Il povero, curvato verso la terra, depresso dalla fatica, e incerto se questa gli produrrà il sostentamento, costretto non di rado a misurare il suo lavoro con un tempo che gli manca; il ricco, sollecito per lo più nella maniera di passarlo senza avvedersene, circondato da quelle cose in cui il mondo predica essere la felicità, e stupito ogni momento di non trovarsi felice, disingannato degli oggetti da cui sperava un pieno contento, e ansioso dietro altri oggetti dei quali si disingannerà quando gli abbia posseduti; l'uomo prostrato dalla sventura, è l'uomo inebbriato da un prospero successo; l'uomo ingolfato negli affari, e l'uomo assorto nelle astrazioni delle scienze; il potente, il privato, tutti insomma troviamo in ogni oggetto un ostacolo a sollevarci alla Divinità, una forza che tende ad attaccarci a quelle cose per cui non siamo creati, a farci dimenticare la nobiltà della nostra origine, e l'importanza del nostro fine.
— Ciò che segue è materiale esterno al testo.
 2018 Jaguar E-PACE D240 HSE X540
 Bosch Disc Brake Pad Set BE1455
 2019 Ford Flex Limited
E risplende manifesta la sapienza di Dio in quel precetto che ci toglie alle cure mortali, per richiamarci al suo culto, ai pensieri del cielo; che impiega tanti; giorni dell'uomo indòtto nello studio il più alto, e il solo necessario; che santifica il riposo del corpo, e lo rende figura di quel riposo d'eterno contento a cui aneliamo, e di cui l'anima nostra sente d'esser capace: in quel precetto che ci riunisce in un tempio, dove le, comuni preghiere, rammentandoci le comuni miserie ed i comuni bisogni, ci fanno sentire che siamo fratelli.

La Chiesa, conservatrice perpetua di questo precetto, prescrive ai suoi figli la maniera d'adempirlo più ugualmente e più degnamente.
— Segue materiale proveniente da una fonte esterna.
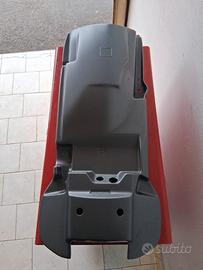 Parafango posteriore Bmw r1150gs colore  grafite 
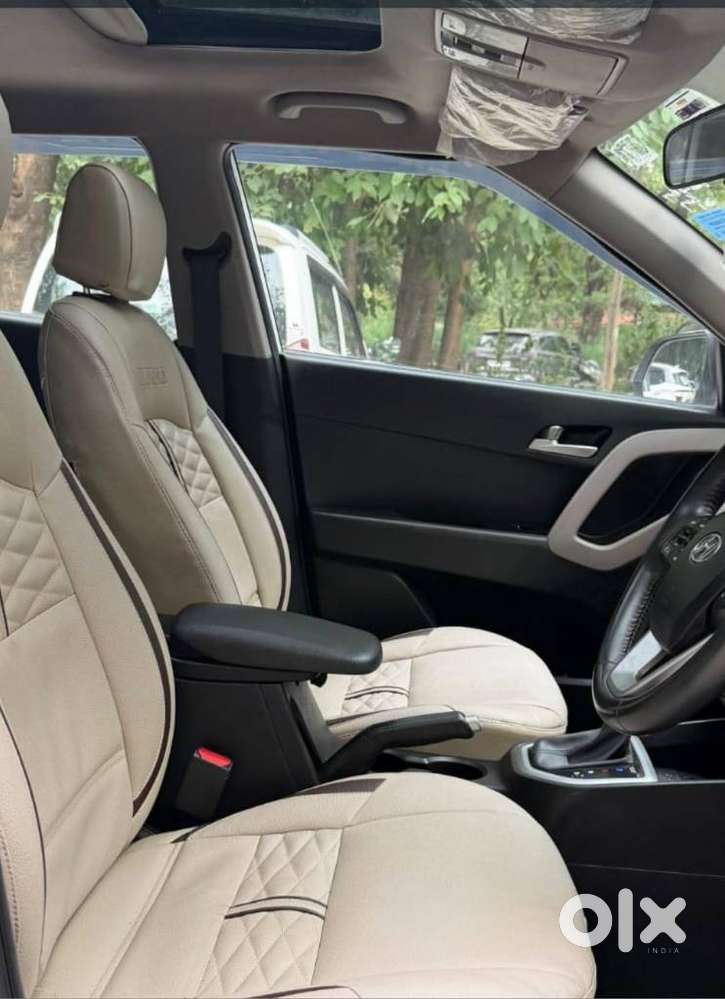 Hyundai Creta 1.6 Sx (o), 2019, Petrol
E tra i mezzi che ha scelti, poteva mai dimenticare il rito più necessario, il più essenzialmente cristiano, il Sacrificio di Gesù Cristo, quel Sacrificio dove sta tutta la fede, tutta la scienza, tutte le norme, tutte le speranze?

Il cristiano che volontariamente si astiene in un tal giorno da un tal Sacrificio, può mai essere un giusto che viva della fede? ( Rm 1,17 )

Può far vedere più chiaramente la non curanza del precetto divino della santificazione?

Non ha evidentemente nel core un'avversione al cristianesimo?

non ha rinunciato a ciò che la fede rivela di più grande, di più sacro e di più consolante?

non ha rinunziato a Gesù Cristo?

Pretendere che la Chiesa non dichiari prevaricatore chi si trova in tali disposizioni, sarebbe un volere che dimenticasse il fine per cui è istituita, che ci lasciasse ricadere nell'aria mortale del gentilesimo.